Alexander Charles Morton-Wright
Developmentally Appropriate Practices in ECE
Meeting Students Where They Are
I have always known that Kindergarten is an important stage in a child's development and the most important skills they are learning here are how to self-regulate themselves and set them up with the ability to learn. I liked the ideas in the article “Taking Back Kindergarten: Rethinking Rigor for Young Learners.” especially around the idea if we pressure them to jump through academic hoops without first doing the groundwork that enables them to learn effectively we can negatively affect their future growth. I am a strong believer in play-based learning and enjoy giving my students a challenge they can overcome in their play and watching to see how they apply the skills they have been taught. I will try to assess my children's zone of proximal development (ZPD) and seek to bridge the gap between what students know and can do and real-world challenges and phenomena. I instinctively do this on a day to day basis but I will attempt to hone in on each student's ZPD gap and ensure that each child is provided developmentally appropriate practices that challenge them.

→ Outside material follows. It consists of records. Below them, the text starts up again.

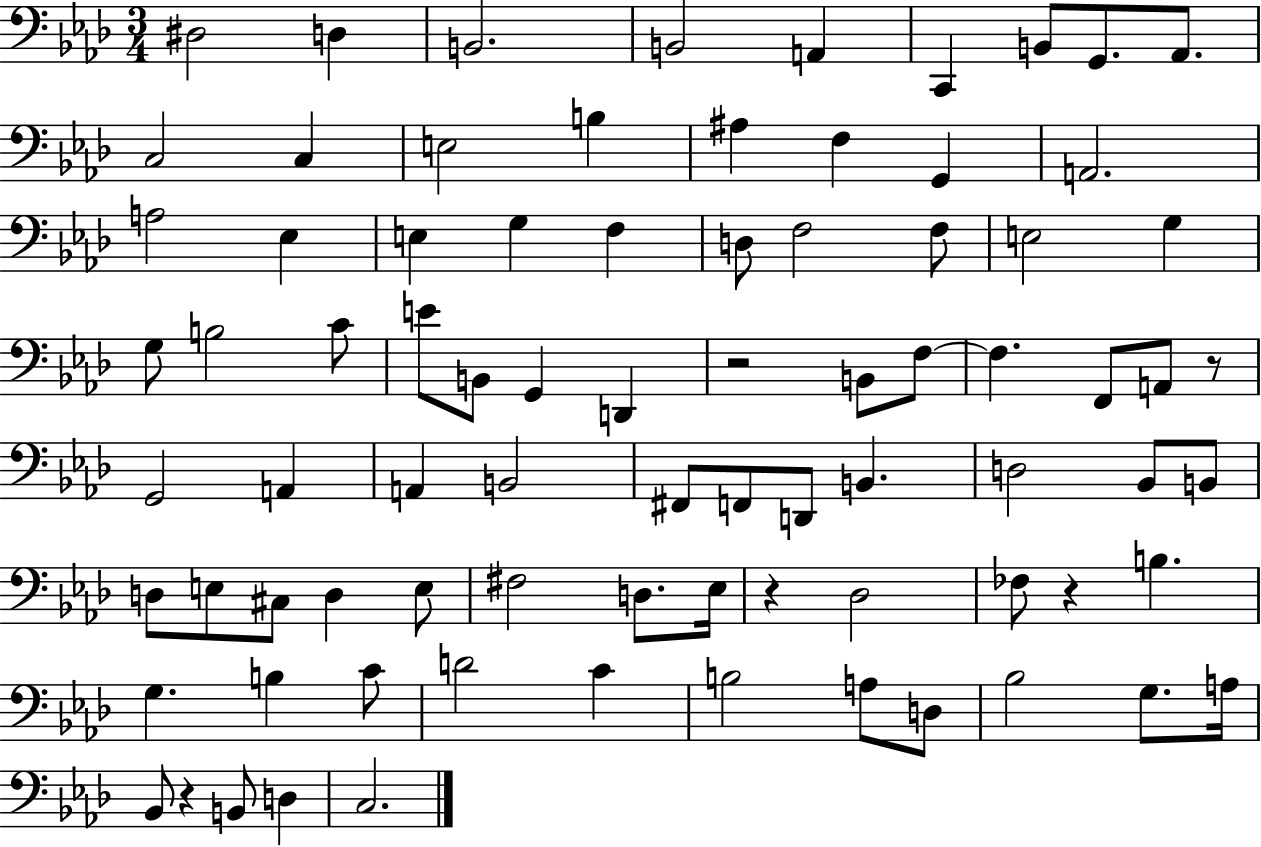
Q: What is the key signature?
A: AES major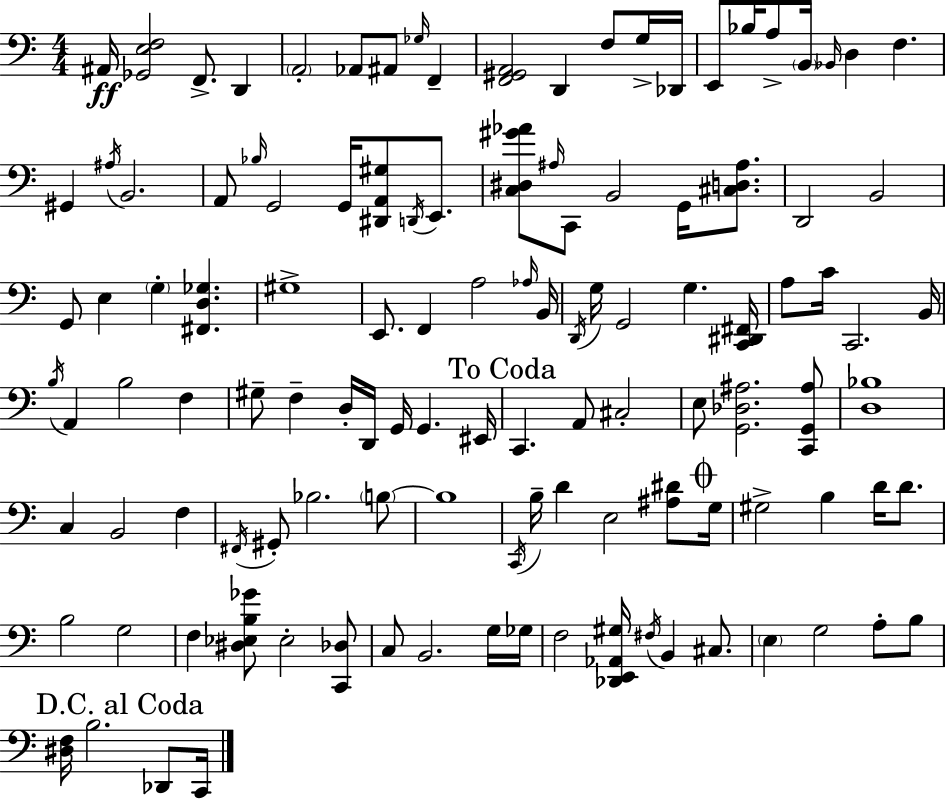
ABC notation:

X:1
T:Untitled
M:4/4
L:1/4
K:C
^A,,/4 [_G,,E,F,]2 F,,/2 D,, A,,2 _A,,/2 ^A,,/2 _G,/4 F,, [F,,^G,,A,,]2 D,, F,/2 G,/4 _D,,/4 E,,/2 _B,/4 A,/2 B,,/4 _B,,/4 D, F, ^G,, ^A,/4 B,,2 A,,/2 _B,/4 G,,2 G,,/4 [^D,,A,,^G,]/2 D,,/4 E,,/2 [C,^D,^G_A]/2 ^A,/4 C,,/2 B,,2 G,,/4 [^C,D,^A,]/2 D,,2 B,,2 G,,/2 E, G, [^F,,D,_G,] ^G,4 E,,/2 F,, A,2 _A,/4 B,,/4 D,,/4 G,/4 G,,2 G, [C,,^D,,^F,,]/4 A,/2 C/4 C,,2 B,,/4 B,/4 A,, B,2 F, ^G,/2 F, D,/4 D,,/4 G,,/4 G,, ^E,,/4 C,, A,,/2 ^C,2 E,/2 [G,,_D,^A,]2 [C,,G,,^A,]/2 [D,_B,]4 C, B,,2 F, ^F,,/4 ^G,,/2 _B,2 B,/2 B,4 C,,/4 B,/4 D E,2 [^A,^D]/2 G,/4 ^G,2 B, D/4 D/2 B,2 G,2 F, [^D,_E,B,_G]/2 _E,2 [C,,_D,]/2 C,/2 B,,2 G,/4 _G,/4 F,2 [_D,,E,,_A,,^G,]/4 ^F,/4 B,, ^C,/2 E, G,2 A,/2 B,/2 [^D,F,]/4 B,2 _D,,/2 C,,/4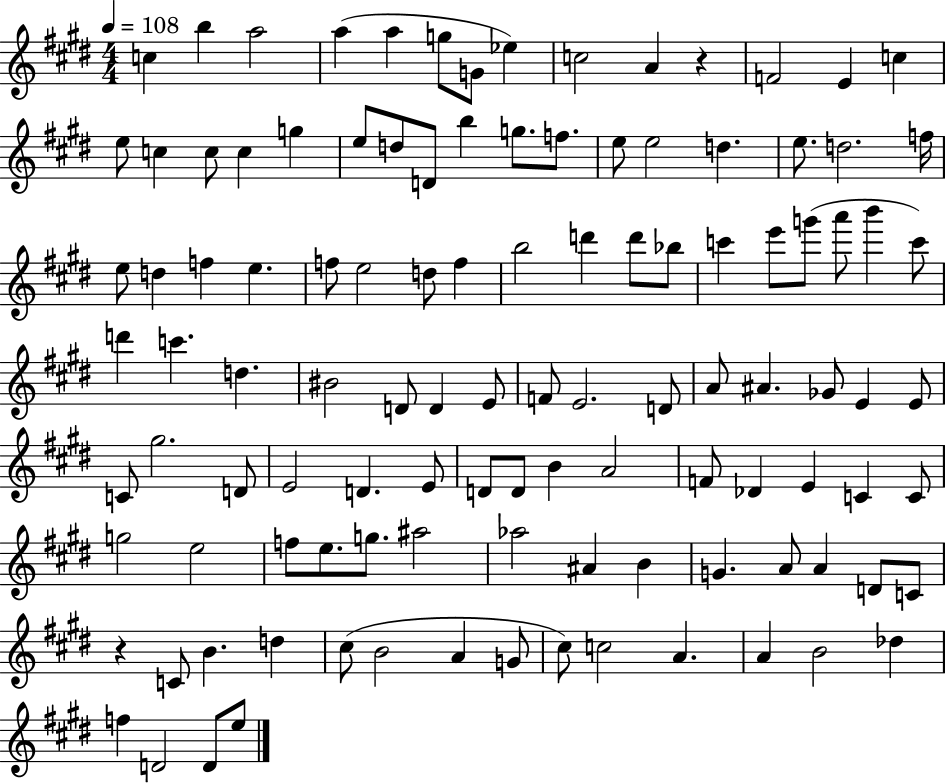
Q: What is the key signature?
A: E major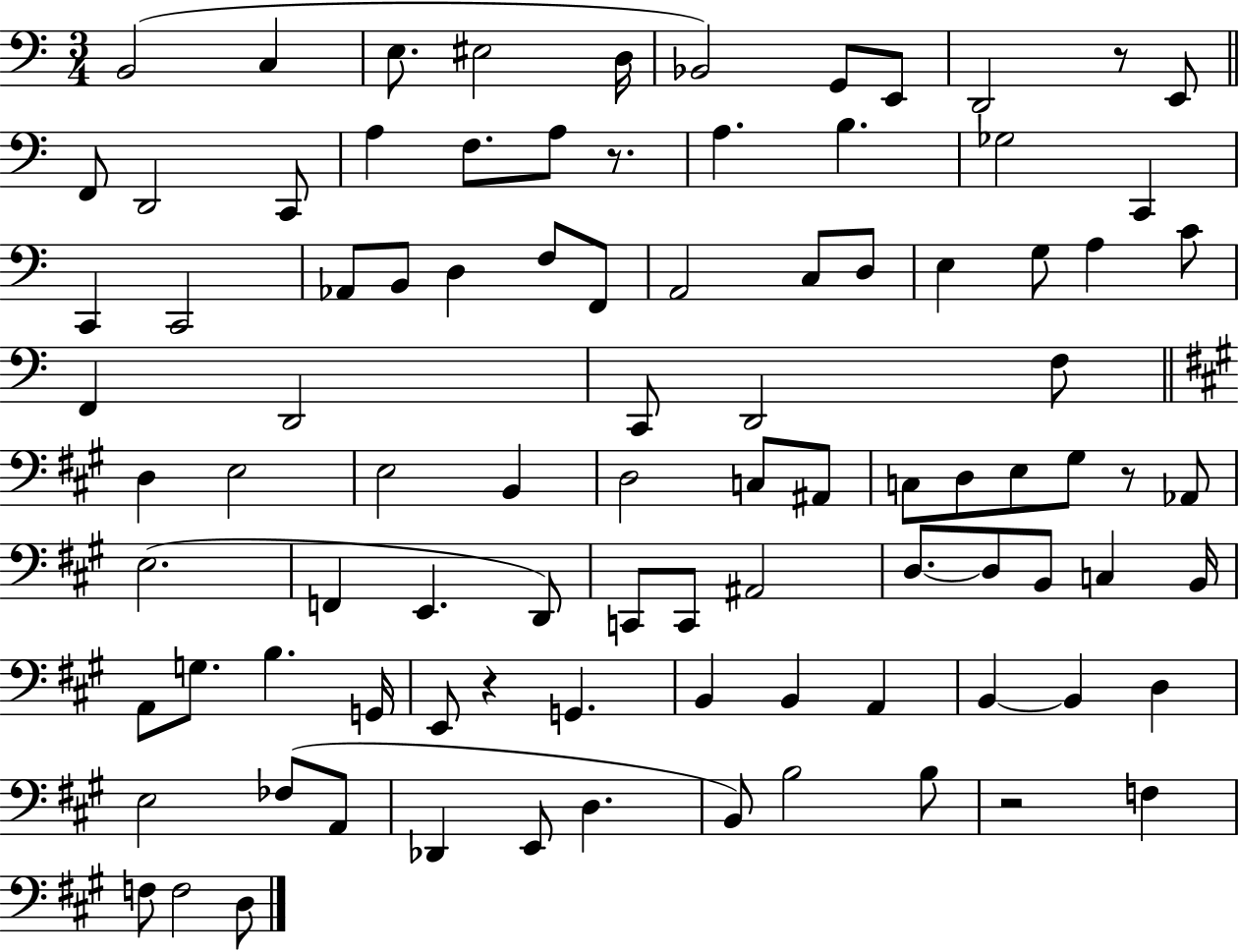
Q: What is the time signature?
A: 3/4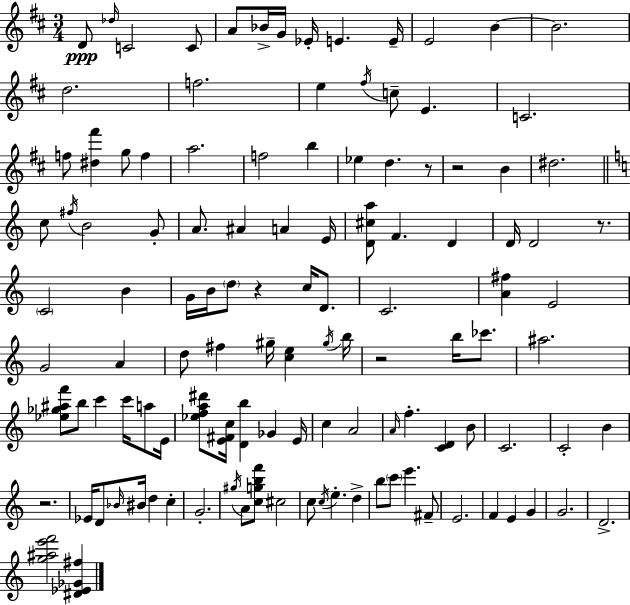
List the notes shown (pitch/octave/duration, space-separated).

D4/e Db5/s C4/h C4/e A4/e Bb4/s G4/s Eb4/s E4/q. E4/s E4/h B4/q B4/h. D5/h. F5/h. E5/q F#5/s C5/e E4/q. C4/h. F5/e [D#5,F#6]/q G5/e F5/q A5/h. F5/h B5/q Eb5/q D5/q. R/e R/h B4/q D#5/h. C5/e F#5/s B4/h G4/e A4/e. A#4/q A4/q E4/s [D4,C#5,A5]/e F4/q. D4/q D4/s D4/h R/e. C4/h B4/q G4/s B4/s D5/e R/q C5/s D4/e. C4/h. [A4,F#5]/q E4/h G4/h A4/q D5/e F#5/q G#5/s [C5,E5]/q G#5/s B5/s R/h B5/s CES6/e. A#5/h. [Eb5,Gb5,A#5,F6]/e B5/e C6/q C6/s A5/e E4/s [Eb5,F5,A5,D#6]/e [E4,F#4,C5]/s [D4,B5]/q Gb4/q E4/s C5/q A4/h A4/s F5/q. [C4,D4]/q B4/e C4/h. C4/h B4/q R/h. Eb4/s D4/e Bb4/s BIS4/s D5/q C5/q G4/h. G#5/s A4/e [C5,G5,B5,F6]/e C#5/h C5/e C5/s E5/q. D5/q B5/e C6/e E6/q. F#4/e E4/h. F4/q E4/q G4/q G4/h. D4/h. [G5,A#5,E6,F6]/h [D#4,Eb4,Gb4,F#5]/q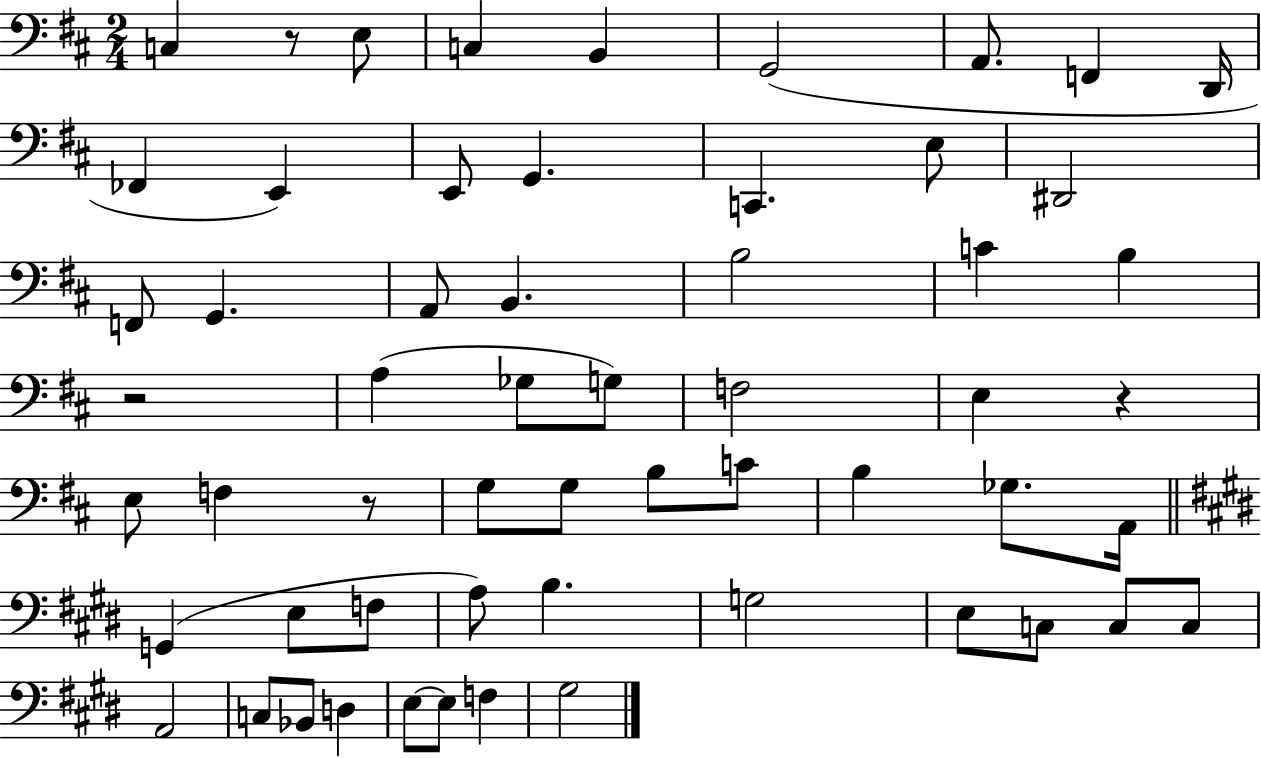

I really liked how they separated the idea of difficulty and rigour as we should not be focusing on making something difficult to stimulate learning but rather we should be focusing on making the activity rigorous and including multiple intelligences as well as linking multiple schemas to create a new schema that links multiple others to achieve a goal. I will keep these ideas in mind when I am developing my lessons to further challenge my children with rigorous activities and provide each child with developmentally appropriate learning opportunities tailored to their ZPDs.